> WORK TO COMPLETE: The pictures in the listing below are to be skipped, while the lines between the line holding "37802 Southeast Olson" and the line holding "A long 11 ft", inclusive, are to be output exactly.

> RECORD SET:
———
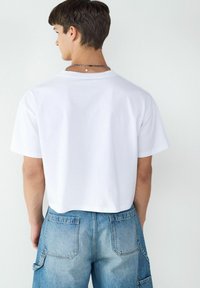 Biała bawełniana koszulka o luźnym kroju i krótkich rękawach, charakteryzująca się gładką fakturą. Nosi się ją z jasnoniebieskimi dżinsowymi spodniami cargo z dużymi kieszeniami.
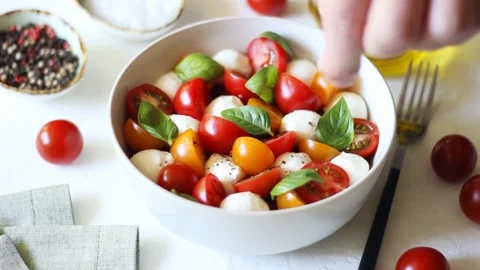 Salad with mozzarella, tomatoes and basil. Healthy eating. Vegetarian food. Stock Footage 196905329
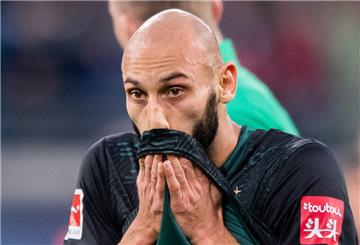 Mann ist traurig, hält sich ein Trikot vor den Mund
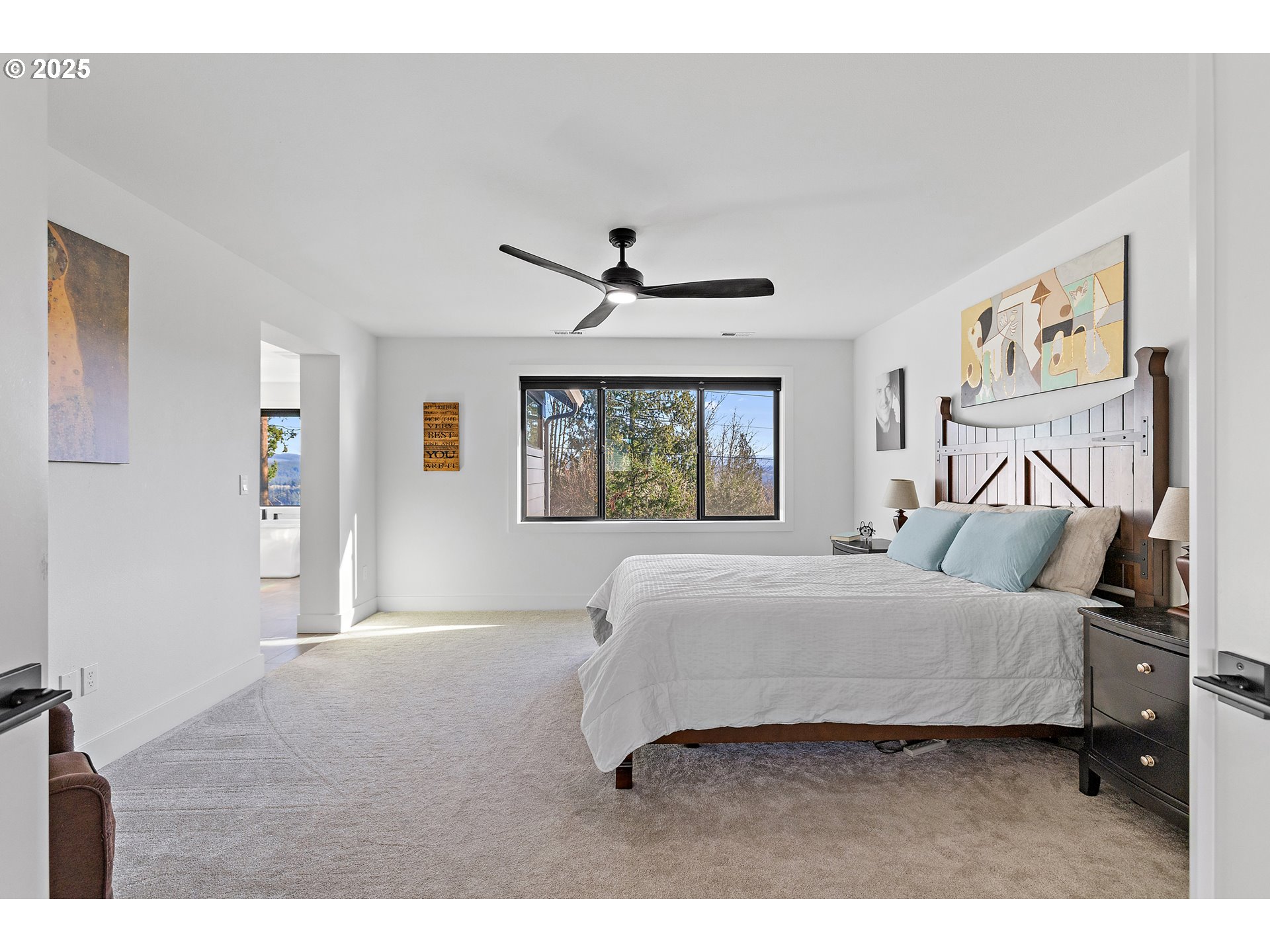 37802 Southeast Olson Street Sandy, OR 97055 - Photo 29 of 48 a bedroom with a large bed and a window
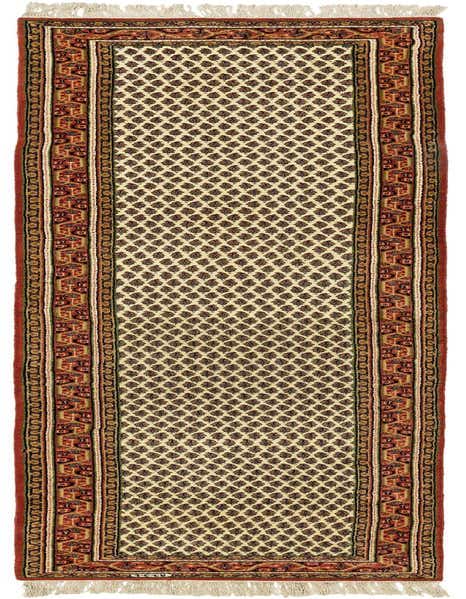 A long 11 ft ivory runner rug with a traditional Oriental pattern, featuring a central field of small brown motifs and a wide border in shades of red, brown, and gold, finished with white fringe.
———
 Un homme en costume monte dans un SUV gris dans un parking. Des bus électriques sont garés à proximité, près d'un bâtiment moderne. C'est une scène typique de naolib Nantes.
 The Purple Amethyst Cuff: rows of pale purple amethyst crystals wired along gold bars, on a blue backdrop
———
> COMPLETED TASK:
 37802 Southeast Olson Street Sandy, OR 97055 - Photo 29 of 48 a bedroom with a large bed and a window
 A long 11 ft ivory runner rug with a traditional Oriental pattern, featuring a central field of small brown motifs and a wide border in shades of red, brown, and gold, finished with white fringe.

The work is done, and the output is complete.